» WHAT YOU ARE ASKED TO DO
The material below is to be copied exactly from the line with "G-GFFA @ EHAM" up to and including the line with "Canal Workers", with nothing else kept and no pictures.

» RECORDS SUPPLIED
■ ■ ■ ■
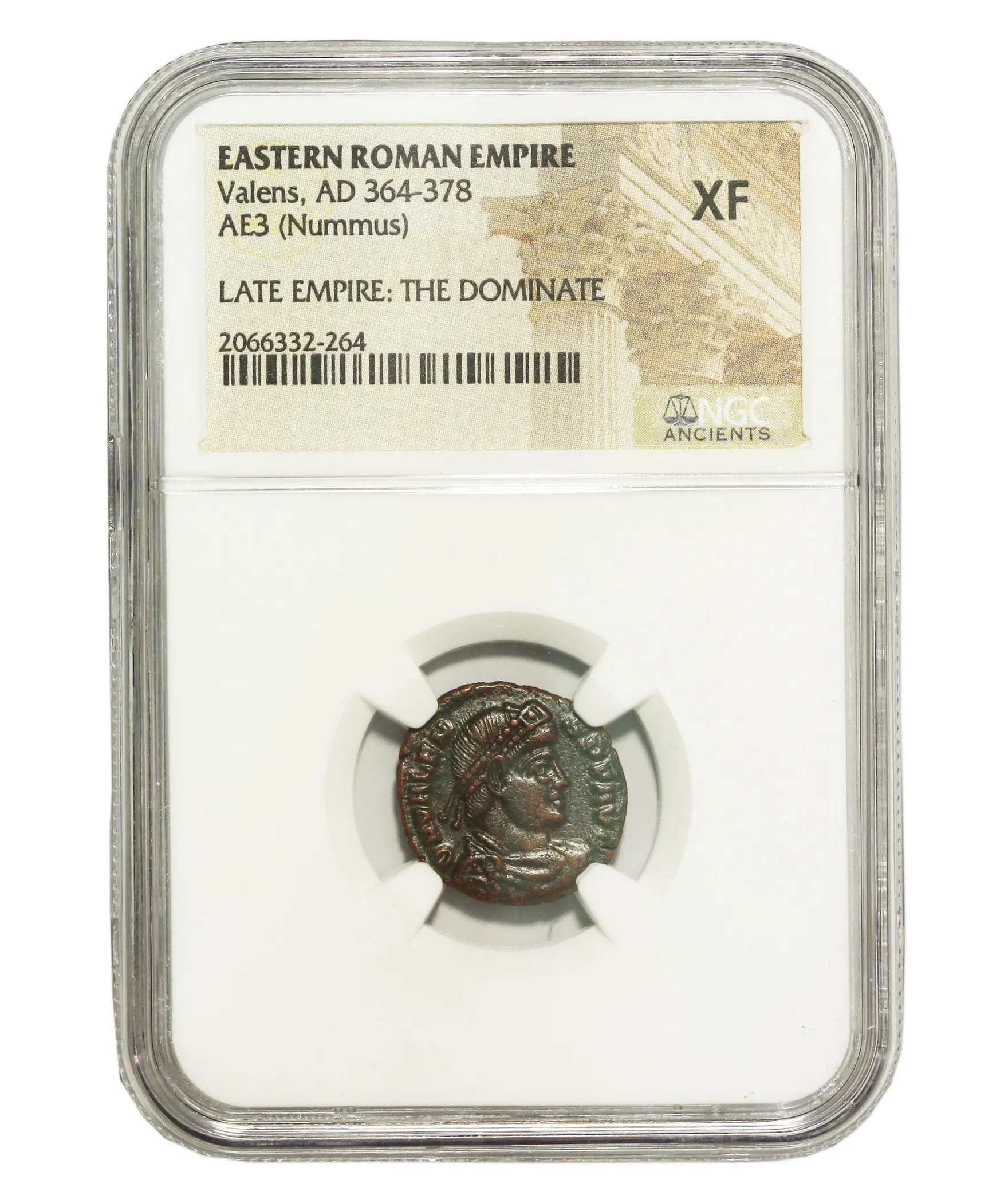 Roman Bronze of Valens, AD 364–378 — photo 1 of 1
■ ■ ■ ■
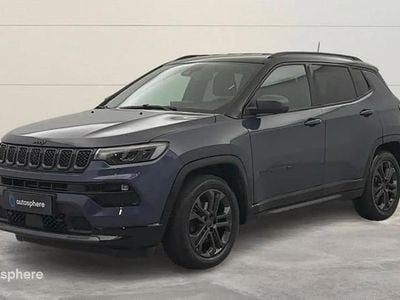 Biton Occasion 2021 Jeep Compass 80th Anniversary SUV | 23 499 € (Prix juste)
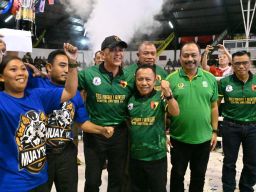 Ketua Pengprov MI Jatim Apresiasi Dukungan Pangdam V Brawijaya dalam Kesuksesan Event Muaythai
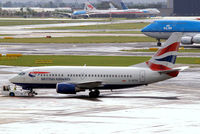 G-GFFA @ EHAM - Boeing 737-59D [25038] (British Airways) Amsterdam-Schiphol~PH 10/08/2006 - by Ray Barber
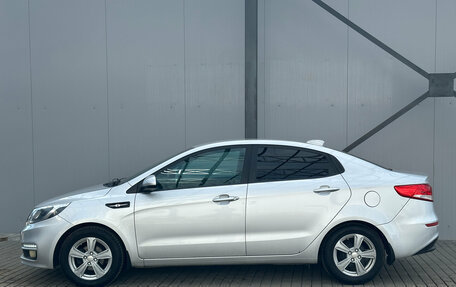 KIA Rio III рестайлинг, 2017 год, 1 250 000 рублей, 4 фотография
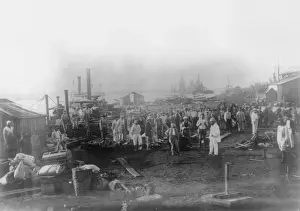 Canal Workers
■ ■ ■ ■
» SOLUTION FOR THIS PROBLEM
 G-GFFA @ EHAM - Boeing 737-59D [25038] (British Airways) Amsterdam-Schiphol~PH 10/08/2006 - by Ray Barber
 KIA Rio III рестайлинг, 2017 год, 1 250 000 рублей, 4 фотография
 Canal Workers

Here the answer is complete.